Images excluded, return every record exactly as it reads.
DATASET START
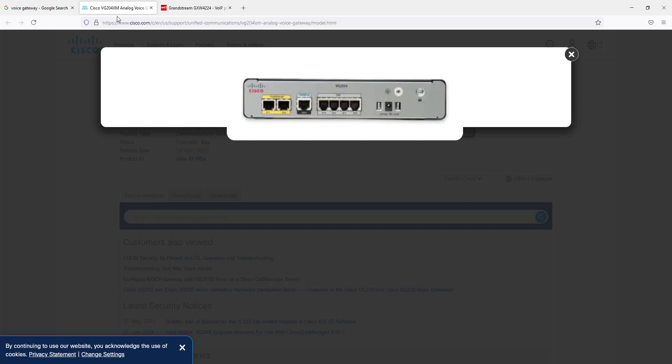You'd have to check the documentation for the device. The way that you connect to that management port varies from device to device. Sometimes it may be an IP address, sometimes it may be a serial connection. There are a whole bunch of different ways that you can do it.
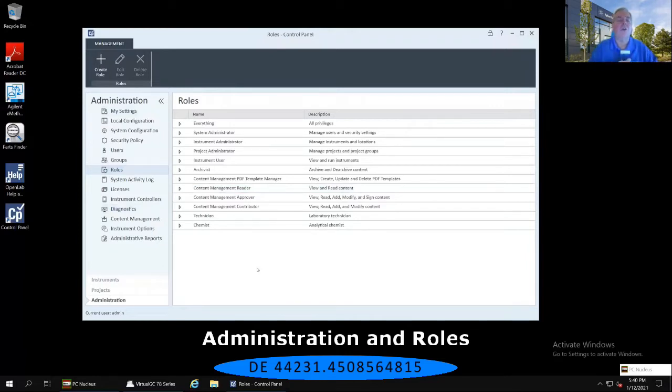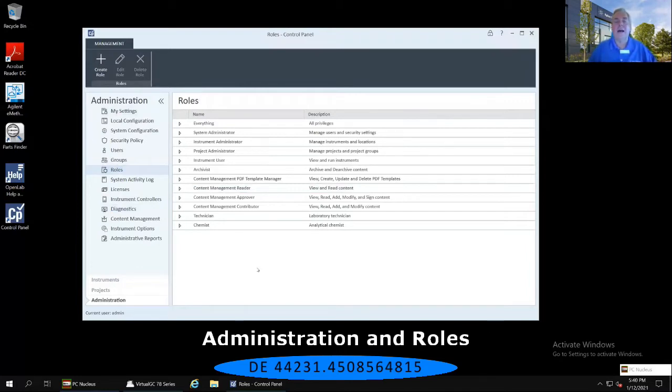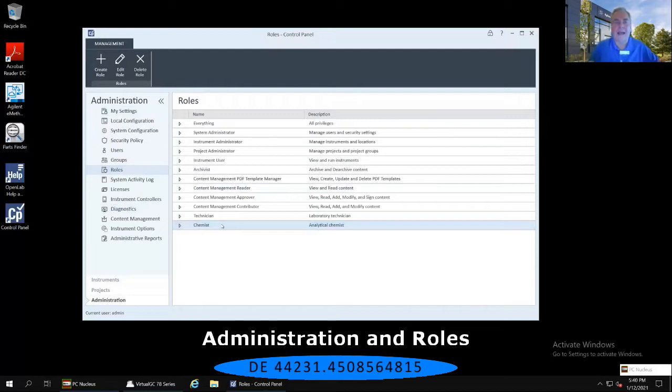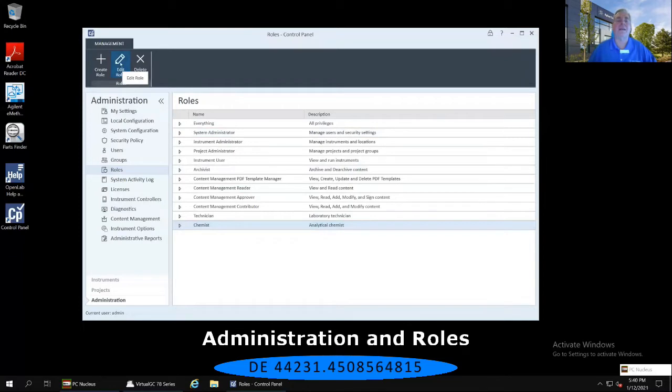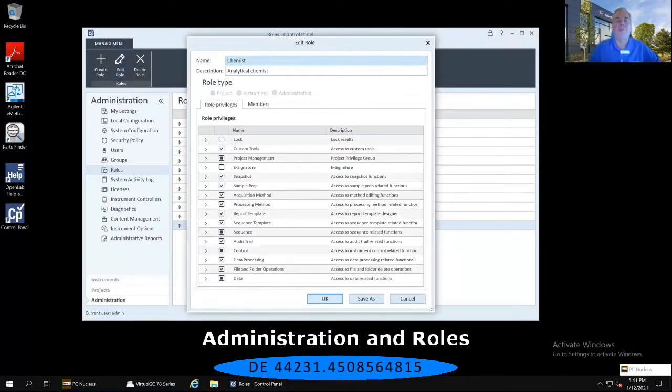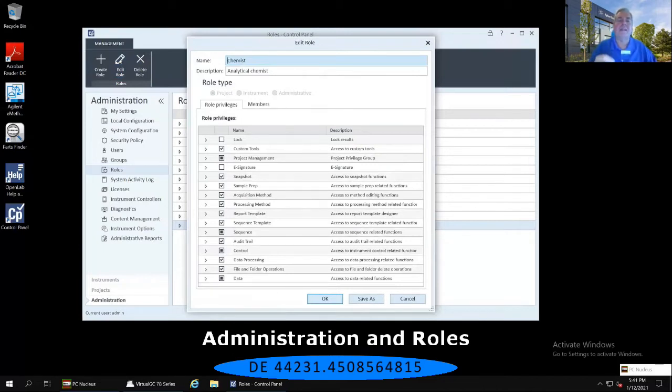Now, I'd like to call your attention specifically, while you have the roles highlighted on the left, highlight the Chemist role on the right-hand panel. And then in the upper ribbon, in the black space, I want you to select the second icon from the left that says Edit Role. Now, this is a blow-up of all of the different capabilities or privileges that this particular role has been assigned.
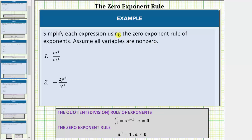Before we begin, let's review the quotient rule of exponents as well as the zero exponent rule. The quotient rule states x raised to the power of a divided by x raised to the power of b equals x raised to the power of a minus b, which means when dividing and the bases are the same, we subtract the exponents. The zero exponent rule is a raised to the power of zero equals one, as long as a doesn't equal zero.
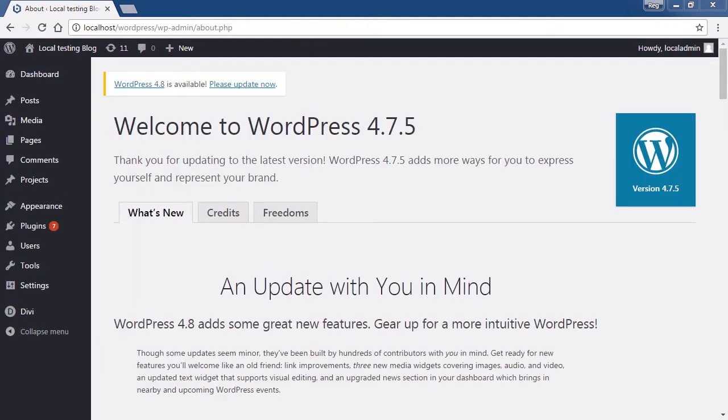As you can see, updating WordPress is so simple, there is no reason that you shouldn't keep your site up to date.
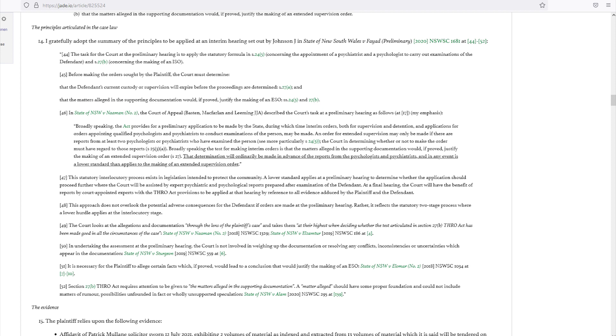Paragraph 48: This approach does not overlook the potential adverse consequences for the defendant if orders are made at the preliminary hearing. Rather, it reflects the statutory two-stage process where a lower hurdle applies at the interlocutory stage. Now, interlocutory application in a courtroom could be submitted over a single matter within a matter, and this medical intervention could be brought up as an interlocutory application during a larger case. Paragraph 49: The court looks at the allegations and documentation through the lens of the plaintiff's case and takes them at their highest when deciding whether the test articulated in Section 27B THRO Act has been made good in all the circumstances of the case.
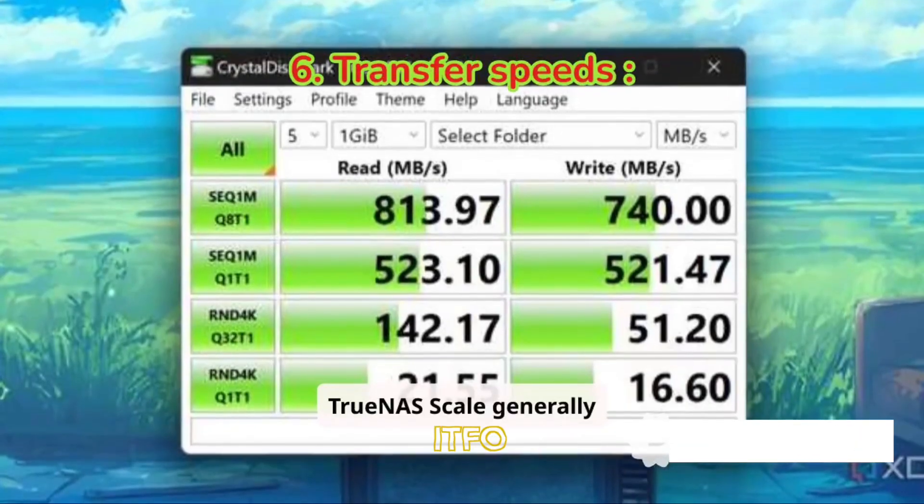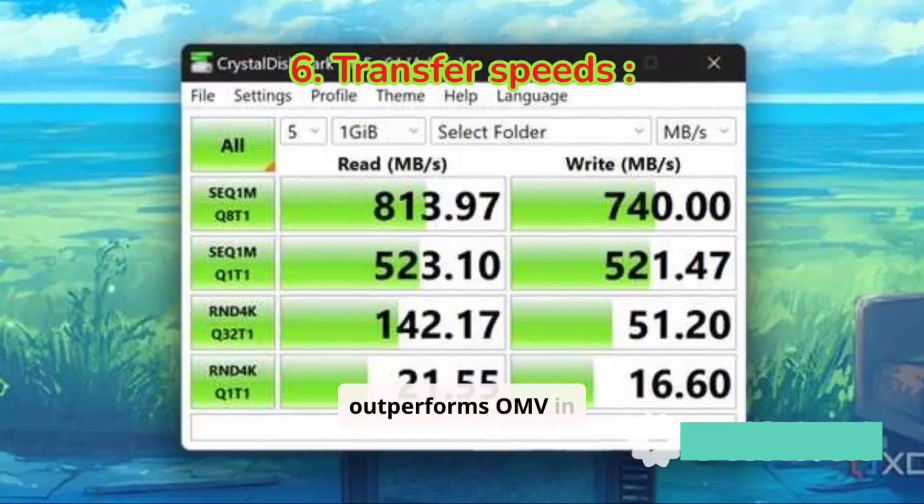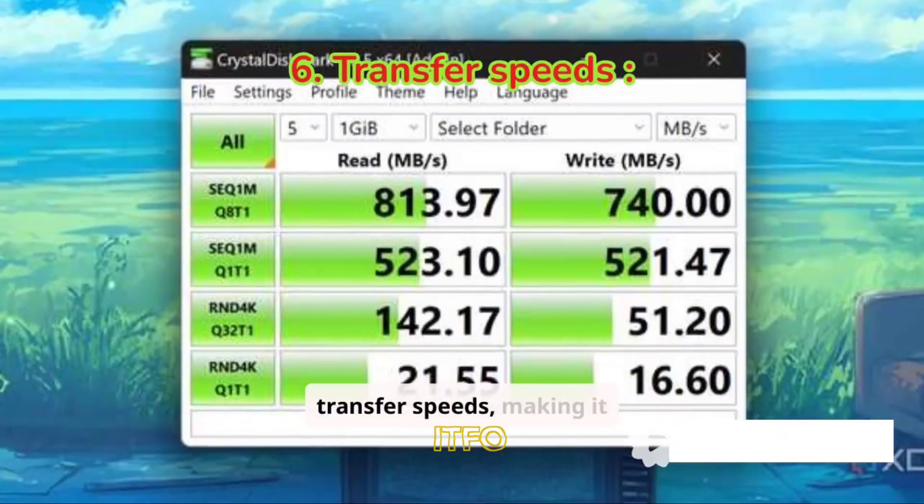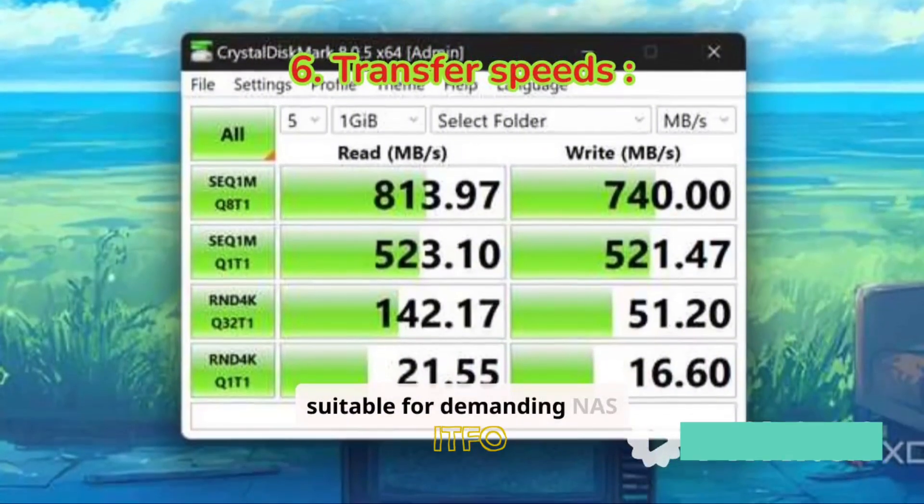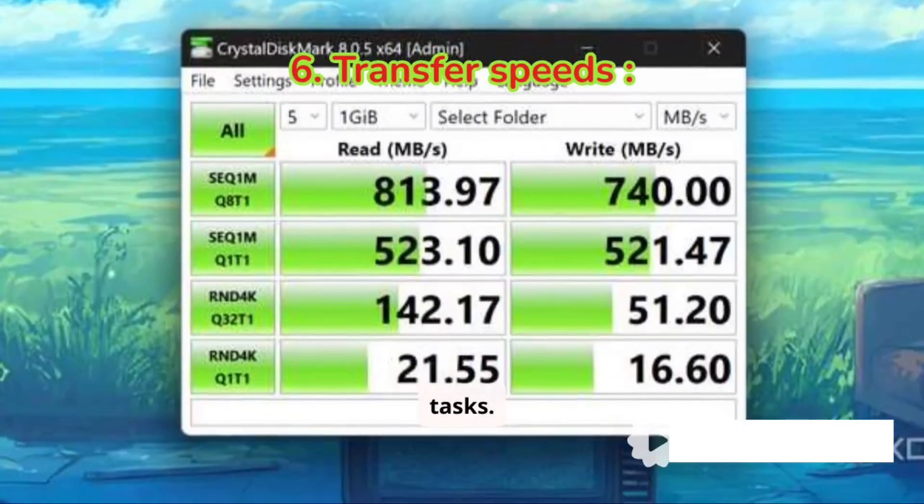TrueNAS Scale generally outperforms OMV in transfer speeds, making it suitable for demanding NAS tasks.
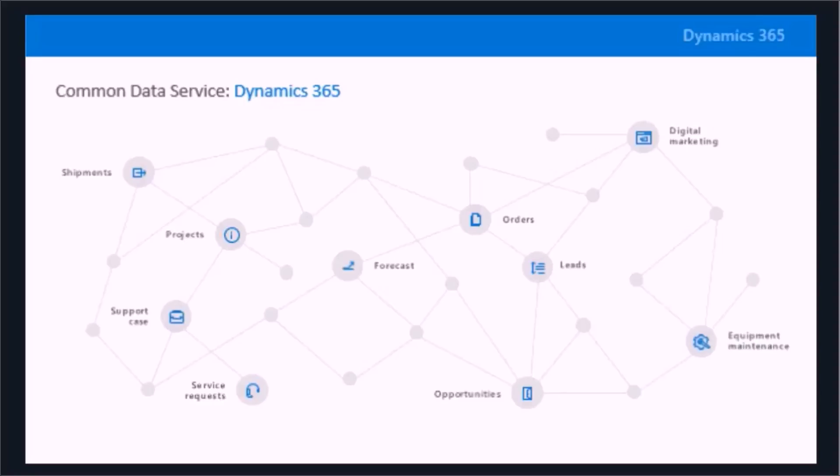The idea is because of the common data service, we're able to just point and click, use things like Logic Apps, which is connected to both of those capabilities in Dynamics 365, and basically able to easily create an order in operations at the moment a quote has been approved or accepted in the sales system, for example.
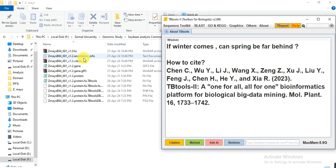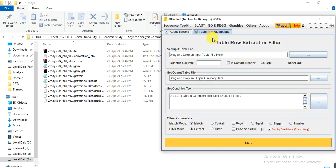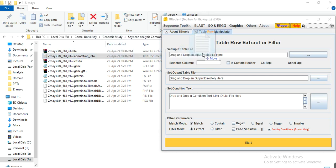We have already downloaded these annotation files from Phytosome in Part 2 of this series — you can watch that to see how to download them. Go to the tools and select the table text file manipulator, table row manipulate, then drag the annotation info file into this folder.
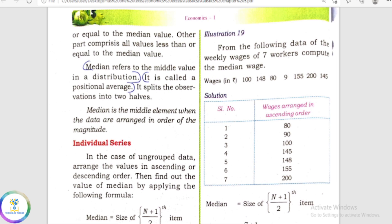Hi friends, welcome back to my channel, your online teacher Malayalam. We are going to talk a little bit about this topic in the plus one economics — a very important topic is median calculation. In the mean median series, we have made a video about how we calculate the median.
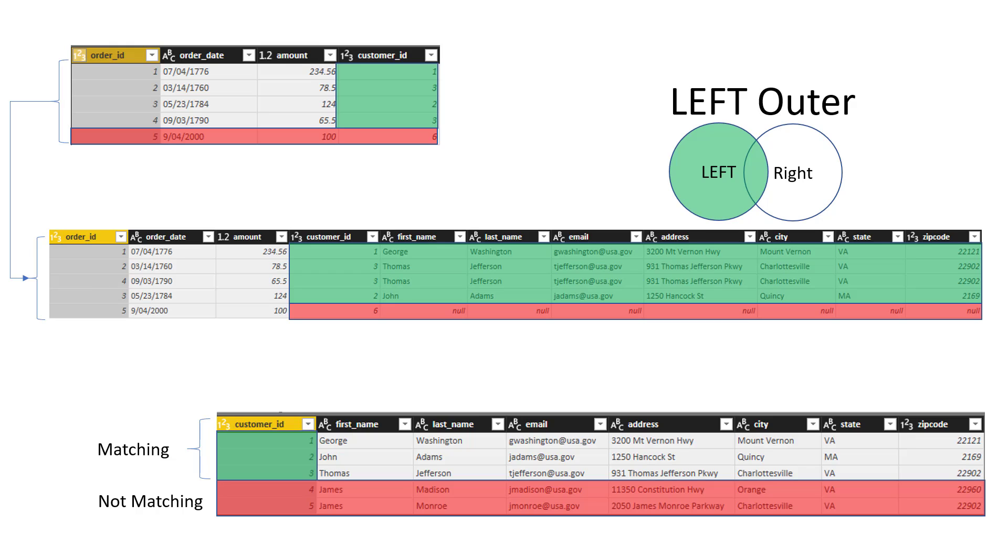Hello, this is Reza Rad from Radacad. In this video I'm going to talk about different types of joins and the main one I'm going to talk about in this video is left outer join, how you can do that.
DATASET END
COMPLETED TASK:
You'd have to check the documentation for the device. The way that you connect to that management port varies from device to device. Sometimes it may be an IP address, sometimes it may be a serial connection. There are a whole bunch of different ways that you can do it.
Now, I'd like to call your attention specifically, while you have the roles highlighted on the left, highlight the Chemist role on the right-hand panel. And then in the upper ribbon, in the black space, I want you to select the second icon from the left that says Edit Role. Now, this is a blow-up of all of the different capabilities or privileges that this particular role has been assigned.
Before we begin, let's review the quotient rule of exponents as well as the zero exponent rule. The quotient rule states x raised to the power of a divided by x raised to the power of b equals x raised to the power of a minus b, which means when dividing and the bases are the same, we subtract the exponents. The zero exponent rule is a raised to the power of zero equals one, as long as a doesn't equal zero.
As you can see, updating WordPress is so simple, there is no reason that you shouldn't keep your site up to date.
Paragraph 48: This approach does not overlook the potential adverse consequences for the defendant if orders are made at the preliminary hearing. Rather, it reflects the statutory two-stage process where a lower hurdle applies at the interlocutory stage. Now, interlocutory application in a courtroom could be submitted over a single matter within a matter, and this medical intervention could be brought up as an interlocutory application during a larger case. Paragraph 49: The court looks at the allegations and documentation through the lens of the plaintiff's case and takes them at their highest when deciding whether the test articulated in Section 27B THRO Act has been made good in all the circumstances of the case.
TrueNAS Scale generally outperforms OMV in transfer speeds, making it suitable for demanding NAS tasks.
The idea is because of the common data service, we're able to just point and click, use things like Logic Apps, which is connected to both of those capabilities in Dynamics 365, and basically able to easily create an order in operations at the moment a quote has been approved or accepted in the sales system, for example.
We have already downloaded these annotation files from Phytosome in Part 2 of this series — you can watch that to see how to download them. Go to the tools and select the table text file manipulator, table row manipulate, then drag the annotation info file into this folder.
Hi friends, welcome back to my channel, your online teacher Malayalam. We are going to talk a little bit about this topic in the plus one economics — a very important topic is median calculation. In the mean median series, we have made a video about how we calculate the median.
Hello, this is Reza Rad from Radacad. In this video I'm going to talk about different types of joins and the main one I'm going to talk about in this video is left outer join, how you can do that.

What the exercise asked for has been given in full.